(Collected data)
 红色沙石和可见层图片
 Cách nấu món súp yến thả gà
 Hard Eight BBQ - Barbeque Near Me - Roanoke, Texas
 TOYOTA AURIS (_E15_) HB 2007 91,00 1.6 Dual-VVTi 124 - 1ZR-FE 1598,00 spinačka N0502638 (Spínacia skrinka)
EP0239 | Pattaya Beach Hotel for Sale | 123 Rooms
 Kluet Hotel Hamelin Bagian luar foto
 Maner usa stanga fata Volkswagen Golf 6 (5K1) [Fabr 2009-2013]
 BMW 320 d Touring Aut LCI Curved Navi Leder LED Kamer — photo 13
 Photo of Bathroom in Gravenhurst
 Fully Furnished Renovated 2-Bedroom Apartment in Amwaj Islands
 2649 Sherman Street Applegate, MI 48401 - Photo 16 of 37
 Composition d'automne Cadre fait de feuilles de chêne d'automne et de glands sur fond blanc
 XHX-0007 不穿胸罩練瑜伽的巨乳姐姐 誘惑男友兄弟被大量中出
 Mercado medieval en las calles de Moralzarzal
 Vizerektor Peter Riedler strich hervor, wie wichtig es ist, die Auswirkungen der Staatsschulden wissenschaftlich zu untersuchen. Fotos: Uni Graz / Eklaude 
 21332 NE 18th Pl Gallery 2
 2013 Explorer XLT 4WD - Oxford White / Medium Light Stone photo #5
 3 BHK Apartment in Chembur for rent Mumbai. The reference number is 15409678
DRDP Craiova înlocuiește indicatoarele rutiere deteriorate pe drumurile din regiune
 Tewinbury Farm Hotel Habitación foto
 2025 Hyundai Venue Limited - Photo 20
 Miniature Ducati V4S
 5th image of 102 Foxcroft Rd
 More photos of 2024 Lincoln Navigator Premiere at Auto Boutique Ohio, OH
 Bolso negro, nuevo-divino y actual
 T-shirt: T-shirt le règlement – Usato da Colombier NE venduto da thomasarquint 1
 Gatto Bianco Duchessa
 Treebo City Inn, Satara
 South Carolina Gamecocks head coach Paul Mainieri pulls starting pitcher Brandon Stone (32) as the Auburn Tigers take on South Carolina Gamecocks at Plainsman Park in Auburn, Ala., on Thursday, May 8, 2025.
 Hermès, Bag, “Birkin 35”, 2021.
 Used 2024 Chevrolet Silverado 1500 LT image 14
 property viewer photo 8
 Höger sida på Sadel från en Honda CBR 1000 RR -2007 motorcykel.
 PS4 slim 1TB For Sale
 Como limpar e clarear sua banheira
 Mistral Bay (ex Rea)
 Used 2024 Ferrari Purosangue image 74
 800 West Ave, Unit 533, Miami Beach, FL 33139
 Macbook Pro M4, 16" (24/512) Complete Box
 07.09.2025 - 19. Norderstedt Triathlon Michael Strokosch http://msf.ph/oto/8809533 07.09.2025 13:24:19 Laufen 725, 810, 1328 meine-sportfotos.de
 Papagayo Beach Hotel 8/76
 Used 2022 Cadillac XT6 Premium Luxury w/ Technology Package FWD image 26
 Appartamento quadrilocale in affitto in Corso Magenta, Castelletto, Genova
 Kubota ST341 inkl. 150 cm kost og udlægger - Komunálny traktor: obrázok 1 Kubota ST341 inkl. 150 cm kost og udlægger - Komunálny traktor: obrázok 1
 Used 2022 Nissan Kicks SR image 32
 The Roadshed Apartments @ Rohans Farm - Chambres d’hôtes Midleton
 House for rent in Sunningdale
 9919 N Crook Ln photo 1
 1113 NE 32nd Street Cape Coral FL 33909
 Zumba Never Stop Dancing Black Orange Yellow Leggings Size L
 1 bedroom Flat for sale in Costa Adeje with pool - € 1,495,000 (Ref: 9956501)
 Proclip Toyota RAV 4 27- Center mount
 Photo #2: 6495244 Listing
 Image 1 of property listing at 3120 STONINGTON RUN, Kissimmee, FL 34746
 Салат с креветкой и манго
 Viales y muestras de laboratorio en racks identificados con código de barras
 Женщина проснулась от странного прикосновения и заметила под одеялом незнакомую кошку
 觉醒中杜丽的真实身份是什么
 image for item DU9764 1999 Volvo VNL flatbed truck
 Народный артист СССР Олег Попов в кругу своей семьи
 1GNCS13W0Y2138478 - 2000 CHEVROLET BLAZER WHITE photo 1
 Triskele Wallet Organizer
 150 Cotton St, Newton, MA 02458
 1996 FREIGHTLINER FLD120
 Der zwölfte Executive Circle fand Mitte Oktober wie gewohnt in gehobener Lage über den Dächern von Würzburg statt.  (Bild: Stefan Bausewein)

> Requirement
Tally, in the data above, the lines where the word "Stone" occurs, and give the figure alone.

> Solution to the problem
2